Speakers had access to a full set of other controls that permitted
them to play and re-record earlier sentences if they wished, and move
about in the database they were constructing.
After an initial period during which an Entropic supervisor monitored
the speaker's reading and recording control, speakers were left to
monitor their own reading and recordings.
Speech signals went from the Shure microphone through a Rane MS-1
preamplifier into the 'line input' jack on the SGI Indy workstation.

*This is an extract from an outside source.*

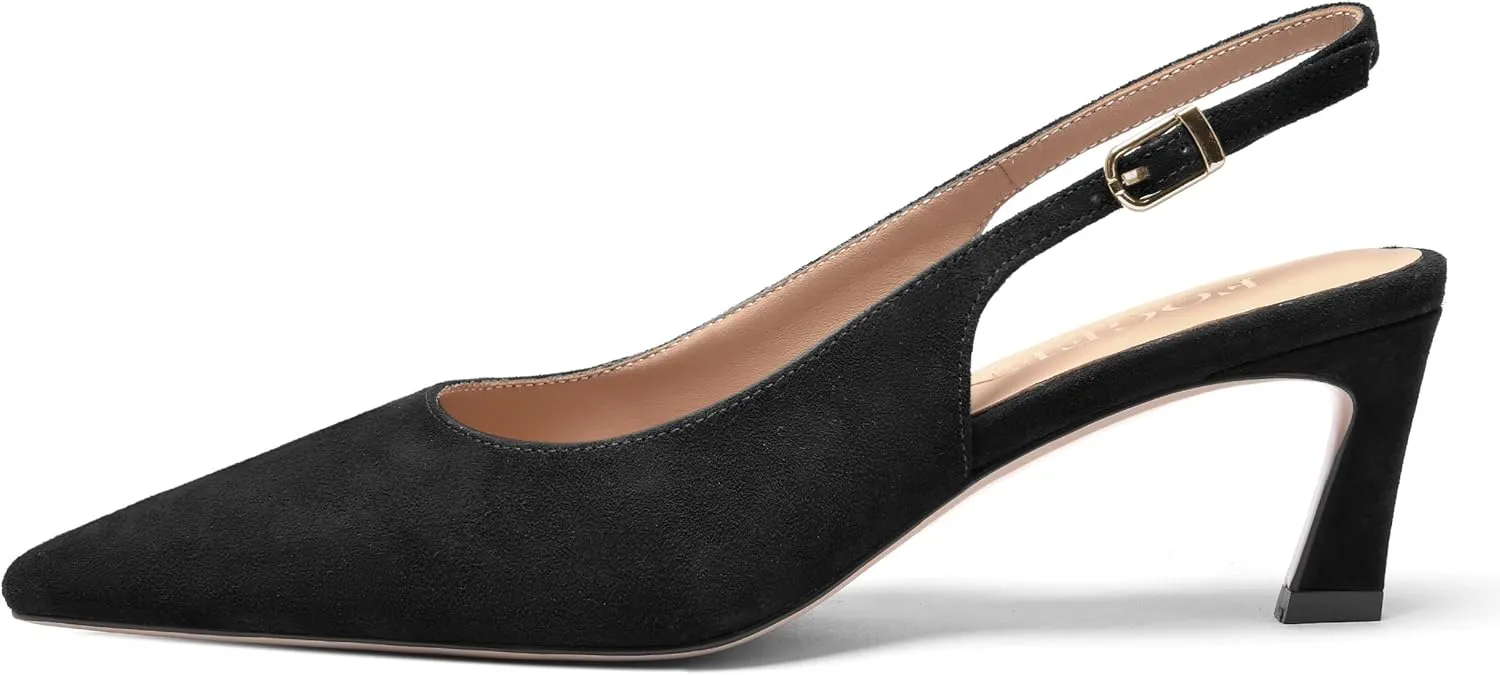 FOGEENA Womens Ankle Strap Night Club Pointed Toe Buckle Cute Suede Kitten Leather Low Heel Pumps Shoes 2 Inch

The gain of the Rane preamplifier and the SGI system were set and
checked once toward the beginning of the recording session and were
left fixed at that level.
Recording Environment:
The room was a small carpeted office with a floor area of
approximately 3.9 m by 2.9 m and a ceiling height of 2.7 m. The room
was heated and cooled by forced air that entered via a vent high on
the wall above a large cabinet and about 3 m from the subject's head.
The room had two doors that were usually left open, and sometimes
exposed the microphone to passing conversation or incoming call
signals from various nearby telephones.
Except for the carpeted floor, most surfaces in the room were hard and
smooth. For example, subjects sat at a table with a plastified
hardwood surface; there was a large white board immediately to the
subject's right, and the wall behind the computer console was entirely
glass.
Physical dimensions: 3.9 m x 2.9 m (floor to ceiling 2.7 m)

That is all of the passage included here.